Fanout | Blog » Pushing to 100,000 API clients simultaneously

Earlier this year we announced the open source Pushpin project, a server component that makes it easy to scale out realtime HTTP and WebSocket APIs. Just what kind of scale are we talking about though? To demonstrate, we put together some code that pushes a truckload of data through a cluster of Pushpin instances. Here’s the output of its dashboard after a successful run:

fanoutreceivestats

Before getting into the details of how we did this, let’s first establish some goals:

We want to scale an arbitrary realtime API. This API, from the perspective of a connecting client, shouldn’t need to be in any way specific to the components we are using to scale it.
Ideally, we want to scale out the number of delivery servers but not the number of application servers. That is, we should be able to massively amplify the output of a modest realtime source.
We want to push to all recipients simultaneously and we want the deliveries to complete in about 1 second. We’ll shoot for 100,000 recipients.

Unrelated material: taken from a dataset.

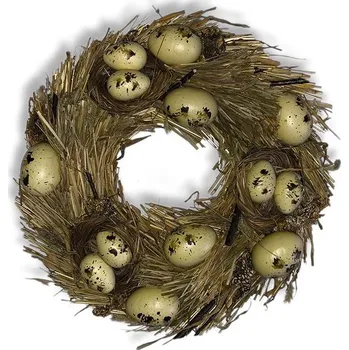 Velikonoční dekorace 4DAVE Velikonoční dekorace - Věnec zdobený křepelčími vajíčky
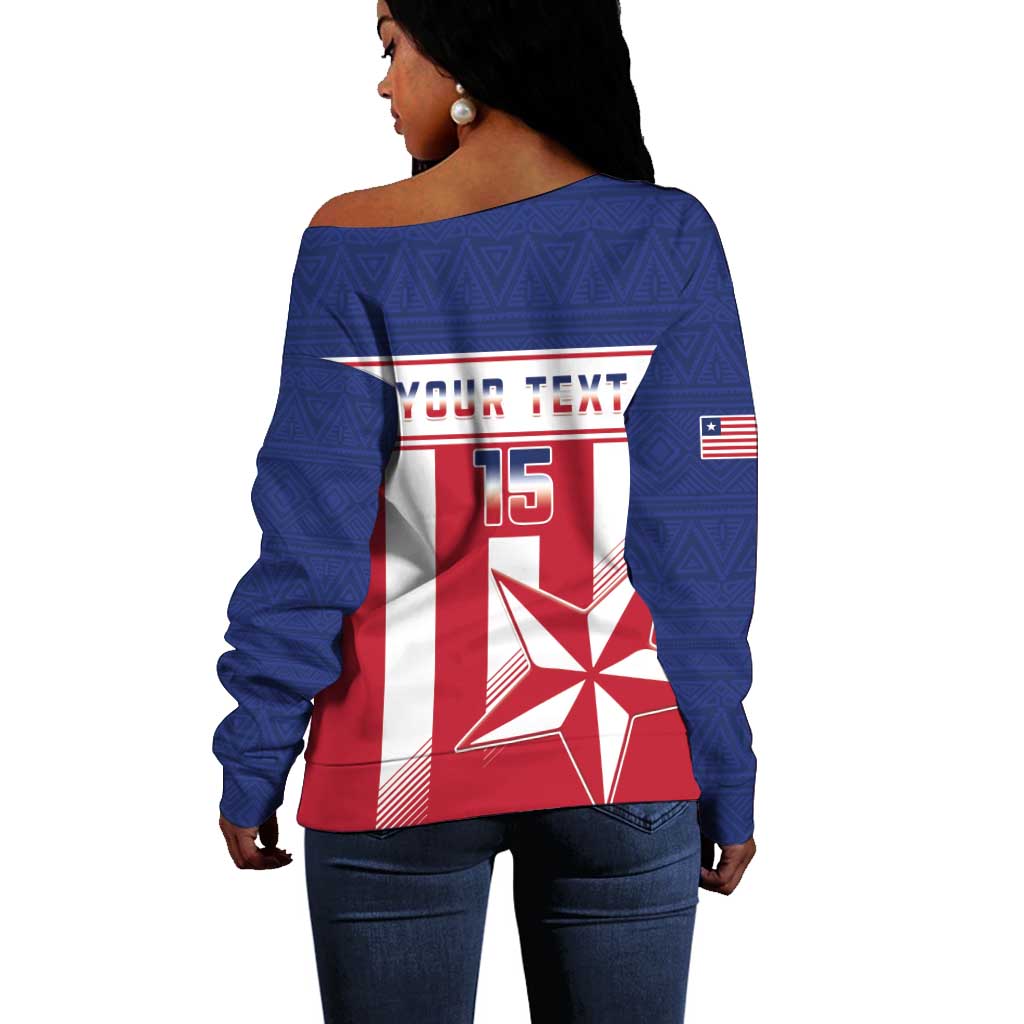 Custom Liberia Football Off Shoulder Sweater Sporty Style LT15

To be clear, sending data to 100K clients in the same instant is a huge level of traffic. Disqus recently posted that they serve 45K requests per second. If, using some very rough math, we say that a realtime push is about as heavy as half of a request, then our demonstration requires the same bandwidth as the entire Disqus network, if only for one second. This is in contrast to benchmarks that measure “connected” clients, such as the Tigase XMPP server’s 500K single-machine benchmark, where the clients participate conservatively over an extended period of time. Benchmarks like these are impressive in their own right, just be aware that they are a different kind of demonstration.

The Headline API

For the purpose of this demonstration, we created a simple API for a “headline”. The idea here is that clients can set or retrieve a text string from the headline service and be notified whenever the text changes. You could imagine the service being used by an electronic marquee.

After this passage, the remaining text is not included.